▶ Activity
Using the records that follow, work out the number of lines with the word "Grade" in them; reply with that number only.

==== Data under study ====

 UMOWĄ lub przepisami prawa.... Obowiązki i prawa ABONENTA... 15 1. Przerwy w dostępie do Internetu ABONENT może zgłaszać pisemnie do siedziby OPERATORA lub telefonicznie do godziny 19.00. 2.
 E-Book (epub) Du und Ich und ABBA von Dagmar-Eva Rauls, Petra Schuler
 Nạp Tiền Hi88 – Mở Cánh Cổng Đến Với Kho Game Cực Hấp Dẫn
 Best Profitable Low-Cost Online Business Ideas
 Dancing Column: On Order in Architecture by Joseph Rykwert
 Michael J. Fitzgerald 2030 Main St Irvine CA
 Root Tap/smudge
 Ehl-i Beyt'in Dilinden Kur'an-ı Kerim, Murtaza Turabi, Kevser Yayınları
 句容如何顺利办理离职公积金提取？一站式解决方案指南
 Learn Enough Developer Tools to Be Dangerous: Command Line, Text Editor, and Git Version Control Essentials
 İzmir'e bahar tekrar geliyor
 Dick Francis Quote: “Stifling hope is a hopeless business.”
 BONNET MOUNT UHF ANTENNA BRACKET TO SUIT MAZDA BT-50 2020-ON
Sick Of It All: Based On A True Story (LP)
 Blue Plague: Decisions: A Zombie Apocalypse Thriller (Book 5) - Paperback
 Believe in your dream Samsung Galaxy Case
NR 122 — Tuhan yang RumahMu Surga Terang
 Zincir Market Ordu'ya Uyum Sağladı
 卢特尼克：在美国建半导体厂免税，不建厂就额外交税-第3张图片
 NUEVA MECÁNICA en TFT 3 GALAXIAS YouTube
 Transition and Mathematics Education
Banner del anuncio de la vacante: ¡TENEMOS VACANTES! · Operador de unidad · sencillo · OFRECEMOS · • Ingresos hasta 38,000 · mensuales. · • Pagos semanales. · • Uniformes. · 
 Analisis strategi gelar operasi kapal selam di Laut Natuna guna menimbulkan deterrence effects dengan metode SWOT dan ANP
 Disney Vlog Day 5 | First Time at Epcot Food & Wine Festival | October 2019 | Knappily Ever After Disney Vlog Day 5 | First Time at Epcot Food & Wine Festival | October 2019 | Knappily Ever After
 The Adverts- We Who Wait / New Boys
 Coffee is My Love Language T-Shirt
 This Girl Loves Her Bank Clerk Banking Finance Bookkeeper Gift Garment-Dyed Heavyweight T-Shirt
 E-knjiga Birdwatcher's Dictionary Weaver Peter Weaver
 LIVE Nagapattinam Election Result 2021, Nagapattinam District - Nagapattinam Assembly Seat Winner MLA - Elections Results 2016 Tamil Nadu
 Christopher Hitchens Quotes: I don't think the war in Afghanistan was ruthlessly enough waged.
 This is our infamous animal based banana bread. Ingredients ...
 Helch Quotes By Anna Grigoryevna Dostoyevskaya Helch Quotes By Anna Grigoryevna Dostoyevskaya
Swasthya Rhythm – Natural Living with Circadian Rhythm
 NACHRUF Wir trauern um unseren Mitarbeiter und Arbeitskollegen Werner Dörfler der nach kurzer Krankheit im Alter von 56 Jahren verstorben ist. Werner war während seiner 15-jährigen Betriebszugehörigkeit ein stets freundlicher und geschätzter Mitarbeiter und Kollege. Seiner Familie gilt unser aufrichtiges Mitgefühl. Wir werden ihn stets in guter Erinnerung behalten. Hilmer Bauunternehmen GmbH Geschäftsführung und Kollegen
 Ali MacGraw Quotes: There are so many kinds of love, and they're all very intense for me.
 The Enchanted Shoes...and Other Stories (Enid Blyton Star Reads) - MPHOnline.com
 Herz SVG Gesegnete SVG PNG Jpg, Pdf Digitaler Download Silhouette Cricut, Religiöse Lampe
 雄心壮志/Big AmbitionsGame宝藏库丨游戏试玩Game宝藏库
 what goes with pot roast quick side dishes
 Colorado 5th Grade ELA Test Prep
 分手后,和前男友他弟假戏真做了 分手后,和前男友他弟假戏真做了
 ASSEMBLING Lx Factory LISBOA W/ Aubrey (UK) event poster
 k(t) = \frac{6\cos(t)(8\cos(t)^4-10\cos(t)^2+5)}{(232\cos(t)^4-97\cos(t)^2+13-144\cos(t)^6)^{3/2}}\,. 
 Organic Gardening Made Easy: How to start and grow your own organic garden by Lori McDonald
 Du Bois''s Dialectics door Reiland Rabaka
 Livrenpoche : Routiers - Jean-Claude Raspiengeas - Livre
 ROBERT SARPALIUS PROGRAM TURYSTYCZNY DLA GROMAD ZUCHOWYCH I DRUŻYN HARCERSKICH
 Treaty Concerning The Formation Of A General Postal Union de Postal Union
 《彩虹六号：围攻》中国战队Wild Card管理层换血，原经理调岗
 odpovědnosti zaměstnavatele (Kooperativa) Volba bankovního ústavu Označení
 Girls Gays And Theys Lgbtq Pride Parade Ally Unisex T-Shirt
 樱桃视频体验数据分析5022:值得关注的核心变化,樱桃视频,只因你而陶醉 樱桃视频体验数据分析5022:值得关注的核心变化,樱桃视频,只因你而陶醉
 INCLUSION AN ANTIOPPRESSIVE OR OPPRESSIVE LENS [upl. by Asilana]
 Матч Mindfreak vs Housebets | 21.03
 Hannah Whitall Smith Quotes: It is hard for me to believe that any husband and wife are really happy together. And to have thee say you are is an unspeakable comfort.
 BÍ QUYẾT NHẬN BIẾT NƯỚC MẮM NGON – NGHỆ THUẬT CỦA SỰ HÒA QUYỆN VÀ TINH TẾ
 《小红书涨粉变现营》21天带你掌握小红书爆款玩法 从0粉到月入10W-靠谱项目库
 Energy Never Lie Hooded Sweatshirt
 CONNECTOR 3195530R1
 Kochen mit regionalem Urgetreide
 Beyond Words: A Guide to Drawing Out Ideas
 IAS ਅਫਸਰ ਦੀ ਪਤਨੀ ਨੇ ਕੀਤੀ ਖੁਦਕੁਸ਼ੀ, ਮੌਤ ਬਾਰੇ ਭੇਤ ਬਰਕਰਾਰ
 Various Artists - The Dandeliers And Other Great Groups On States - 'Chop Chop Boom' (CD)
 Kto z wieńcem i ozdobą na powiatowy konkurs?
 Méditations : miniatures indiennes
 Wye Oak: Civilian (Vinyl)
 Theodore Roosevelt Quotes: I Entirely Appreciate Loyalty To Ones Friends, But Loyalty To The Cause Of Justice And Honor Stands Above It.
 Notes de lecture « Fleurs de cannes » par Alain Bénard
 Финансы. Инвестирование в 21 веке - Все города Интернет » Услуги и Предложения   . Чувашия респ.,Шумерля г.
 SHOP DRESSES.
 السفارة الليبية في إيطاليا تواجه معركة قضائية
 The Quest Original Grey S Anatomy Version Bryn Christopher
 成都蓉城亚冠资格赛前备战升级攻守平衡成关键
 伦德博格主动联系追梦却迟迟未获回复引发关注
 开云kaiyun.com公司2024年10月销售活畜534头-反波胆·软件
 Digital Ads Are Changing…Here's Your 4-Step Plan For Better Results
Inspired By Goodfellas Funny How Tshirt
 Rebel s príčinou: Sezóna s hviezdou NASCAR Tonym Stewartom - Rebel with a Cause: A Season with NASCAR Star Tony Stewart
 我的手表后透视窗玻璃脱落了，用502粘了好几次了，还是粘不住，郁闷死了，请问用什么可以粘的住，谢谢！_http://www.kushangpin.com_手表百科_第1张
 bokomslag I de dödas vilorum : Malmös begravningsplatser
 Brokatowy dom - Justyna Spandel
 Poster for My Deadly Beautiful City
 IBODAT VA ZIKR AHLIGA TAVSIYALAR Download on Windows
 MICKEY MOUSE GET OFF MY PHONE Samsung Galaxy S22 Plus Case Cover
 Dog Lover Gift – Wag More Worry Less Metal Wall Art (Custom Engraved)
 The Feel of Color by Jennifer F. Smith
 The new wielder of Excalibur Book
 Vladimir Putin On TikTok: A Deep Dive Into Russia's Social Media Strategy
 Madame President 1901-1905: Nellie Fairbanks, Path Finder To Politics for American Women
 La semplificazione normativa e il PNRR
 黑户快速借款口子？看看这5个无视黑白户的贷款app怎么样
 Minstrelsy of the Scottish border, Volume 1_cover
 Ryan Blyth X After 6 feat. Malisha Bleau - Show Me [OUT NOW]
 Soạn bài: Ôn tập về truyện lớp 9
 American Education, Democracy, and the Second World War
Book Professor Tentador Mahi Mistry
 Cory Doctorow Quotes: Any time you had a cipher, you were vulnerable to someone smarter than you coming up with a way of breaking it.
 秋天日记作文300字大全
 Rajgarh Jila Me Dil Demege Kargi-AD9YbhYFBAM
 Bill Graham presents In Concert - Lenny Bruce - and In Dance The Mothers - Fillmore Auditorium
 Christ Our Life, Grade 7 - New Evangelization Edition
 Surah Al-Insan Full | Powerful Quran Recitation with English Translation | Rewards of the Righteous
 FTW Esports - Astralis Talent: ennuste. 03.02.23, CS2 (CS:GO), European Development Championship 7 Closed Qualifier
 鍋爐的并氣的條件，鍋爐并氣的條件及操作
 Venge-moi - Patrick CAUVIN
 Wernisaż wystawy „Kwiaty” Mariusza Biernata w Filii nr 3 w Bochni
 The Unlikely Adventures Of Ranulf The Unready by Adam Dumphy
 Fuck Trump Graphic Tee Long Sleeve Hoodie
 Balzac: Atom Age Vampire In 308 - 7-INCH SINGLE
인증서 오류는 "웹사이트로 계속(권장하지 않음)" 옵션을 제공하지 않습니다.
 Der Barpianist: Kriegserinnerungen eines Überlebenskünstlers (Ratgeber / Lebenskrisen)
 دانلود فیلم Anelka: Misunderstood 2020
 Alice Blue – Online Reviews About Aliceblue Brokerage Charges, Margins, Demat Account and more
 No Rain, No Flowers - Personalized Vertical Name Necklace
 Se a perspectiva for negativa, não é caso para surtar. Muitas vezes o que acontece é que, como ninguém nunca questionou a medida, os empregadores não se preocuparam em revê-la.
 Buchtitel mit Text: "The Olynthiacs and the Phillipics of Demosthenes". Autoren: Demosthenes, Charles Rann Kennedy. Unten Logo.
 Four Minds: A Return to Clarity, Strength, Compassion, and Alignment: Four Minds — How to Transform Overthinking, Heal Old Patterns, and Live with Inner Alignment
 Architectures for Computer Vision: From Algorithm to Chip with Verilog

====

▶ Solution for this exercise
2